Let's try applying the logit function to our target and then fitting a linear regression to that. Since the model will be trained not on whether the glass is household but rather on *the logit of this label*, it will also make predictions of the logit of that label. But we can simply apply the sigmoid function to the model's output to get its predictions of whether the glass is household.

We can't use the target as is, because the logit of 1 is $\infty$ and the logit of 0 is $-\infty$.

In [None]:
glass['household'].unique()

In [None]:
logit(glass['household']).unique()

So we'll make a small adjustment:

In [None]:
target_approx = np.where(glass['household'] == 0, 1e-9, 1-1e-9)

In [None]:
line_to_logit = LinearRegression()

X = glass[['al']]
y = logit(target_approx)

line_to_logit.fit(X, y)

In [None]:
fig, ax = plt.subplots()

final_preds = expit(line_to_logit.predict(X))
ax.scatter(X, glass['household'])
ax.plot(X, final_preds, 'm');

## `sklearn.linear_model.LogisticRegression()`

In general, we should always scale our data when using this class. Scaling is always important for models that include regularization, and scikit-learn's `LogisticRegression()` objects have regularization by default.

Here we've forgone the scaling since we only have a single predictor.

In [None]:
# fit a logistic regression model and store the class predictions

logreg = LogisticRegression(random_state=42)
feature_cols = ['al']
X = glass[feature_cols]
y = glass.household
logreg.fit(X, y)
glass['household_pred_class'] = logreg.predict(X)

In [None]:
# plot the class predictions

fig, ax = plt.subplots()
ax.scatter(glass.al, glass.household)
ax.plot(glass.al, glass.household_pred_class, color='red')
ax.set_xlabel('al')
ax.set_ylabel('household');

## `.predict()` vs. `.predict_proba()`

Let's checkout some specific examples to make predictions with. We'll use both `predict()` and `predict_proba()`.

In [None]:
glass.al

In [None]:
# examine some example predictions

print(logreg.predict(glass['al'][22].reshape(1, -1)))
print(logreg.predict(glass['al'][185].reshape(1, -1)))
print(logreg.predict(glass['al'][164].reshape(1, -1)))
print('\n')
print(logreg.predict_proba(glass['al'][22].reshape(1, -1))[0])
print(logreg.predict_proba(glass['al'][185].reshape(1, -1))[0])
print(logreg.predict_proba(glass['al'][164].reshape(1, -1))[0])
first_row = glass['al'][22].reshape(1, -1)

In [None]:
# store the predicted probabilites of class 1
glass['household_pred_prob'] = logreg.predict_proba(X)[:, 1]

In [None]:
# plot the predicted probabilities
fig, ax = plt.subplots()
ax.scatter(glass.al, glass.household)
ax.plot(glass.al, glass.household_pred_prob, color='red')
ax.set_xlabel('al')
ax.set_ylabel('household');

The first column indicates the predicted probability of **class 0**, and the second column indicates the predicted probability of **class 1**.

In [None]:
log_loss(glass.household, logreg.predict_proba(X)[:, 1])

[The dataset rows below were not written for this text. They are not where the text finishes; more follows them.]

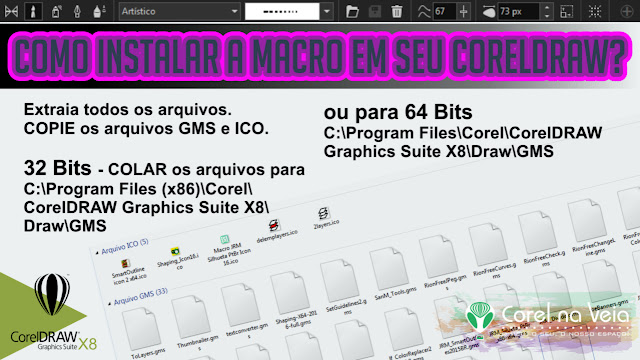 Macros no CorelDRAW como instalar?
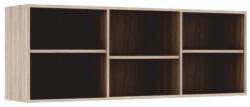 Mobikon Raft 6 polite din pal stejar sonoma Dunaj 135x32x49 cm (14315) Raft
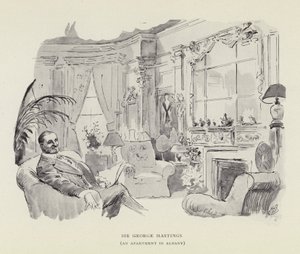 Sir George Hastings, egy lakás Albanyban alkotó: Harry Furniss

The above is a pretty good score. A baseline classifier that is fit on data with equal numbers of data points in the two target classes should be right about 50% of the time, and the log loss for such a classifier would be $-ln(0.5) = 0.693$.

In [None]:
-np.log(0.5)

## Cost Functions and Solutions to the Optimization Problem

Unlike the least-squares problem for linear regression, no one has yet found a closed-form solution to the optimization problem presented by logistic regression. But even if one exists, the computation would no doubt be so complex that we'd be better off using some sort of approximation method instead.

But there's still a problem.

Recall the cost function for linear regression: <br/><br/>
$SSE = \Sigma_i(y_i - \hat{y}_i)^2 = \Sigma_i(y_i - (\beta_0 + \beta_1x_{i1} + ... + \beta_nx_{in}))^2$.

This function, $SSE(\vec{\beta})$, is convex.

If we plug in our new logistic equation for $\hat{y}$, we get: <br/><br/>
$SSE_{log} = \Sigma_i(y_i - \hat{y}_i)^2 = \Sigma_i\left(y_i - \left(\frac{1}{1+e^{-(\beta_0 + \beta_1x_{i1} + ... + \beta_nx_{in})}}\right)\right)^2$.

### The bad news:

*This* function, $SSE_{log}(\vec{\beta})$, is [**not** convex](https://towardsdatascience.com/why-not-mse-as-a-loss-function-for-logistic-regression-589816b5e03c).

That means that, if we tried to use gradient descent or some other approximation method that looks for the minimum of this function, we could easily find a local rather than a global minimum.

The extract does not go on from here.